Italy's 'Hacking Team' spy Trojan targeting Android and iOS devices, researchers discover

Now musters 326 servers in 20 countries

Italy's infamous and dubious hackers-for-hire Hacking Team (or HackingTeam) have set up a worldwide command and control network comprising several hundred servers and expanded into Android and iOS surveillance, a study by Kaspersky Lab and the University of Toronto's Citizen Lab has revealed.

The collaboration is just one of a handful that have attempted to keep tabs on one of the oddest organisations in the entire world of malware. Conventionally speaking Hacking Team fits the bill of a professional malware gang except that what these guys work for numerous governments and are considered by police forces to be paid white hats.

Along with similar organisations such as Britain's Gamma International, they are seen as having commercialised the market for 'legitimate' state spying. The controversy follows not far behind; what is legal and justifiable in one country might be viewed as the road to a police state in another.
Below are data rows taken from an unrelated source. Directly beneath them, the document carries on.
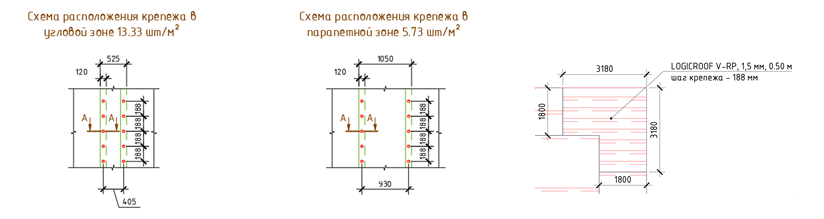 Плагин АвтоКЛИН для AutoCAD/NanoCAD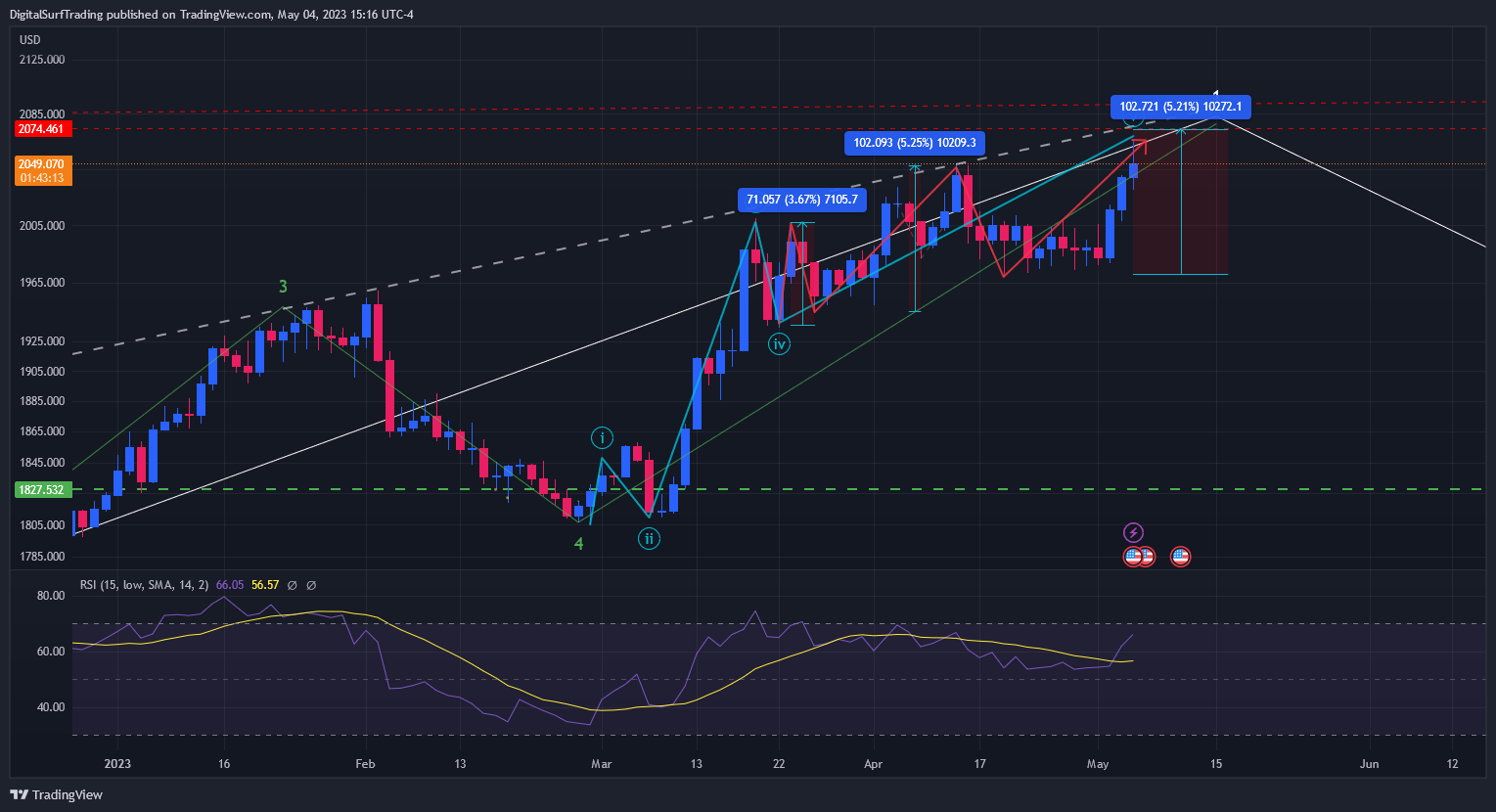 OANDA:XAUUSD Chart Image by DigitalSurfTrading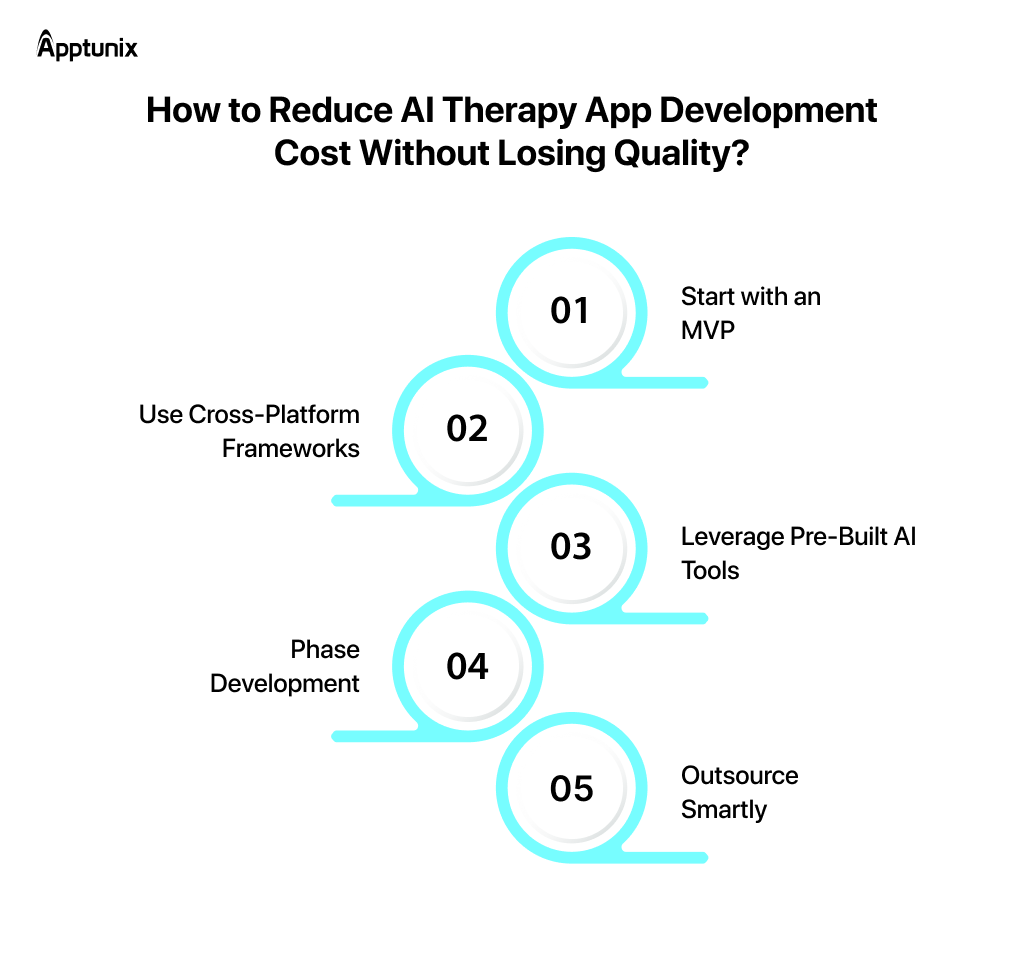 How to Reduce AI Therapy App Development Cost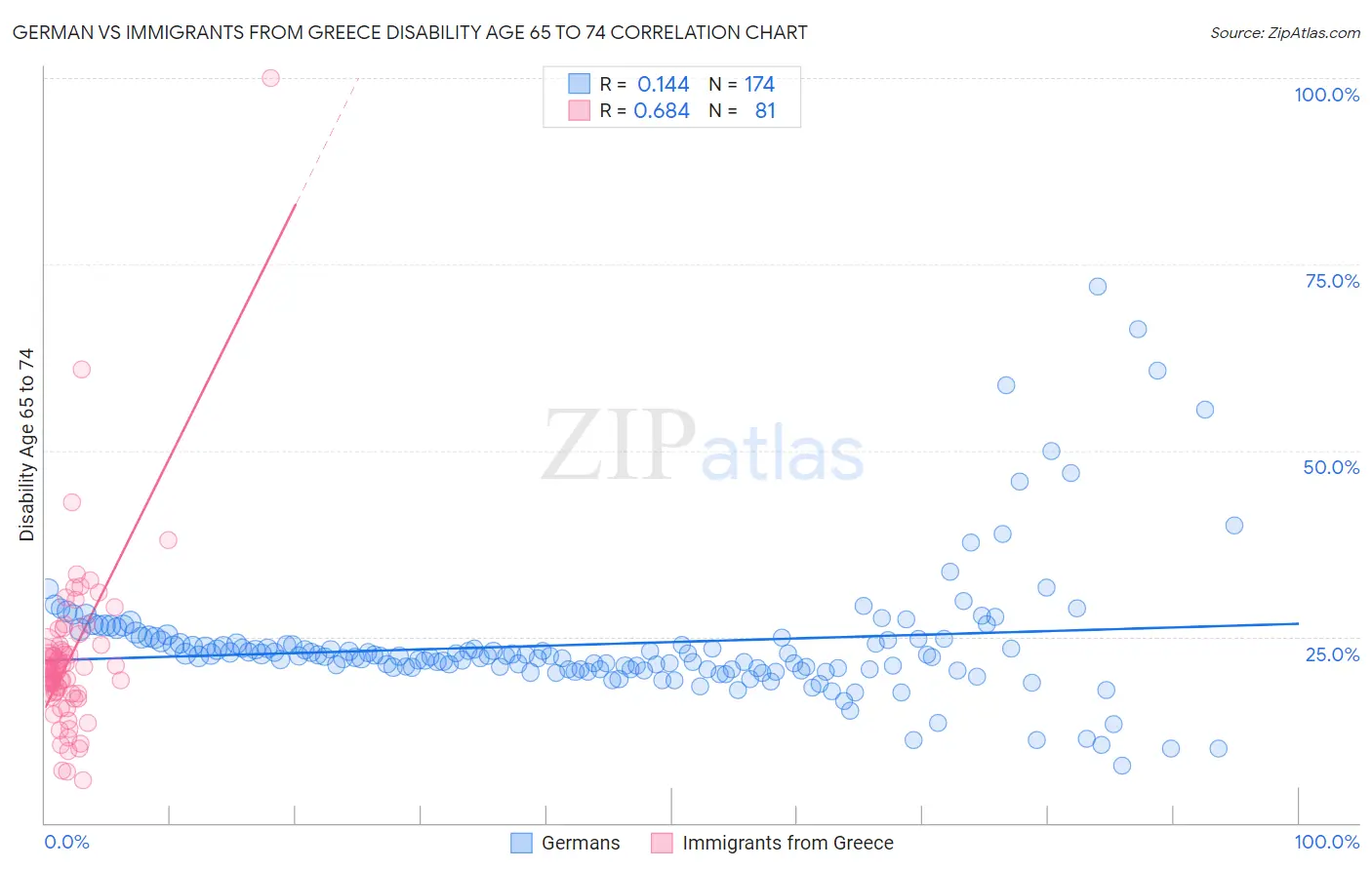 German vs Immigrants from Greece Disability Age 65 to 74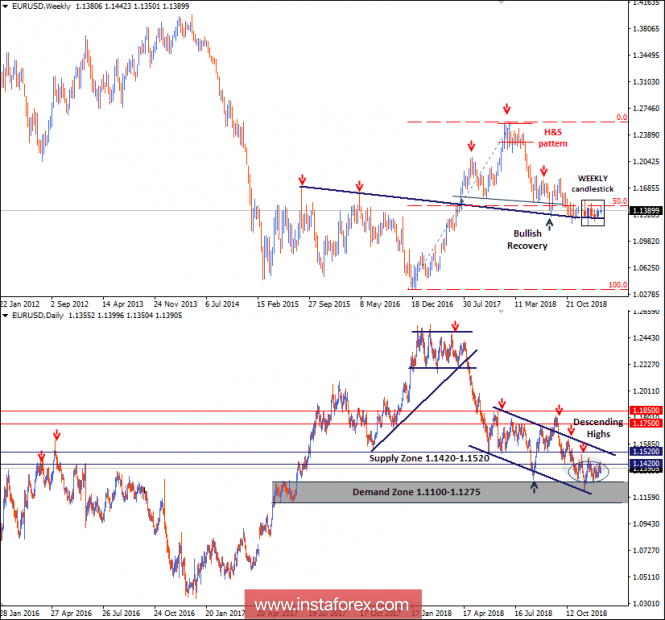 Intraday technical levels and trading recommendations for EUR/USD for December 11, 2018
The researchers discovered that the command and control servers for the group's 'DaVinci' Remote Control System (RCS) now comprises at least 326 servers across 40 countries. Top of the list is the US with 64 servers, followed by Kazakhstan with 49, Ecuador with 35, the UK with 32, Canada with 24, China with 15 and Colombia with 12; the rest of the list is made up of a number of countries with usually only one server each.

Make of that list what you will. Normally, where C&C servers are sited doesn't mean a whole lot except that Hacking Team works for states and police forces that for legal reasons might be keen to keep their surveillance caches on-shore. This implies but does not prove that some of these countries work with the group monitoring their own citizens for purposes unknown.

More significant perhaps is that the researchers have discovered more about Hacking Team's mobile campaigns mobile platforms such as Android and iOS.

The iOS Trojan is the blunter surveillance tool because it only works on jailbroken devices, a small minority globally but probably more common among the sort of dissident targets that the group wants to watch. The researchers also found evidence that attackers might try and jailbreak or root the device remotely.

The status of the Android equivalent remains less certain but both appear to infect mobile devices via a Mac or Windows PC to which they are connected. The mobile Trojans would give the group the ability to monitor not only the target's communications but their location, something that underlines the importance of penetrating these platforms.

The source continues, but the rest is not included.